Voucherify experienced a major incident on December 12, 2019 affecting EU1 - API, lasting 6h 14m. The incident has been resolved; the full update timeline is below.
Affected components
Update timeline
- investigating Dec 12, 2019, 05:07 AM UTC
Communication with API is currently being impacted by the anomalous behavior of one of our European clusters. W are investigating the issue.
- identified Dec 12, 2019, 05:39 AM UTC
We identified a source of the issue.

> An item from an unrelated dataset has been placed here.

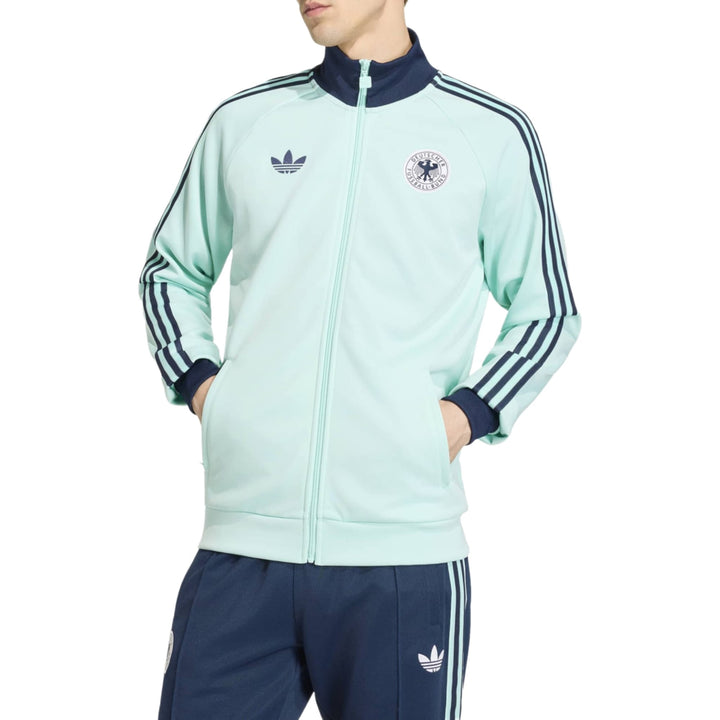 Mint green Adidas track jacket with zip front and three-stripe design on sleeves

Our SRE team stabilized it, and now we are working on the long run improvement to avoid such a situation in the future.
- monitoring Dec 12, 2019, 06:42 AM UTC
A fix has been implemented and we are monitoring the results.

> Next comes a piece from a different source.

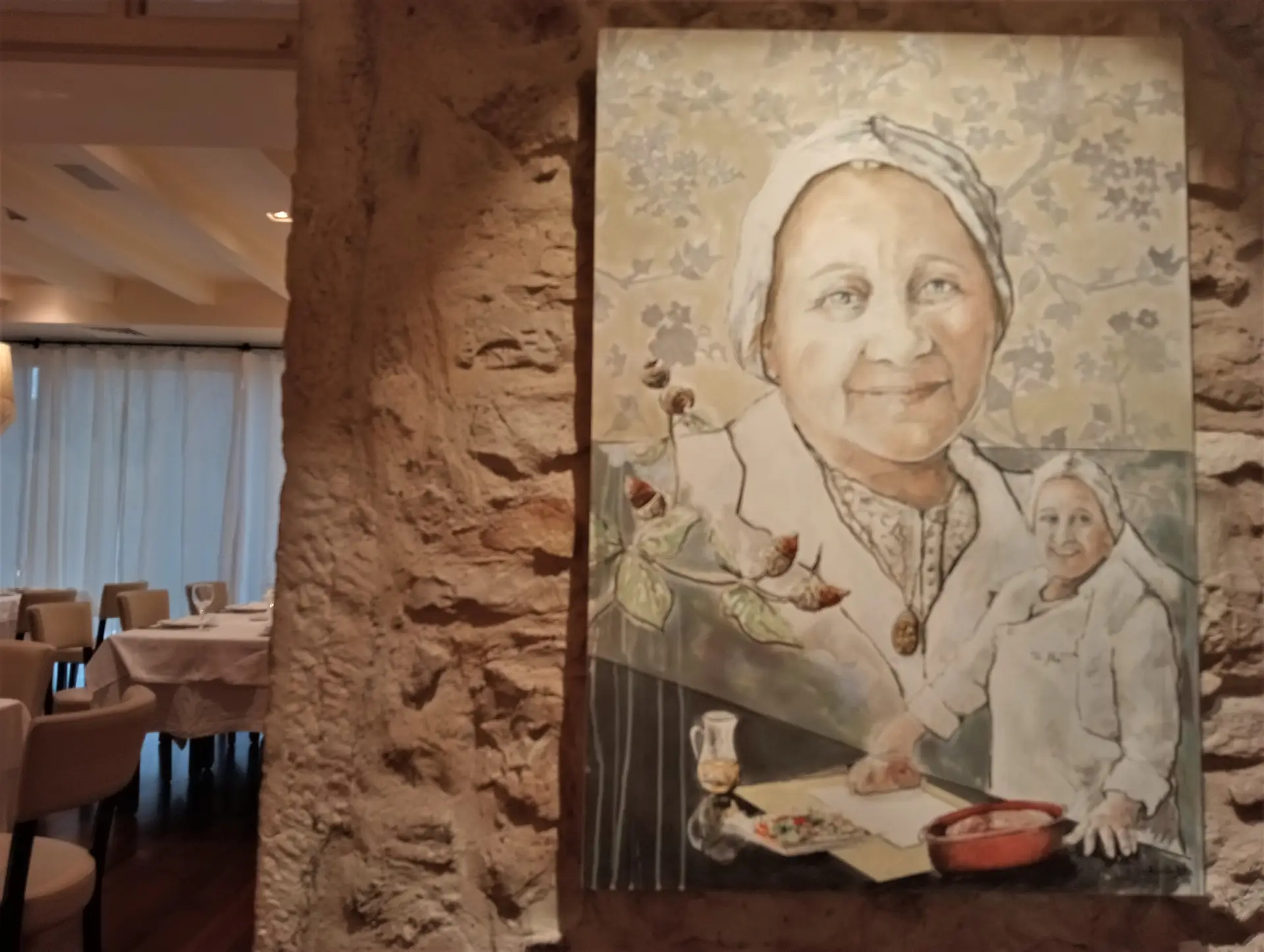 Retrato da fundadora, Maria Alice Marto, numa das paredes do restaurante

- resolved Dec 12, 2019, 11:21 AM UTC
After few hours of monitoring, we confirm that the issue has been solved. The problem with degraded performance was related to a lack of resources on one of our application servers. The node's capacity was quickly utilized because of temporarily increased traffic. Unfortunetly, incorrect configuration in our auto-scaling procedure didn't trigger a process of adding additional resources and scaling up the service. The issue has been solved, and it shouldn't appear in the future. Additionally, we fixed the auto-scaling procedure, and a new solution is being tested now. We sincerely apologize for any inconvenience caused by this issue and appreciate your understanding in this matter.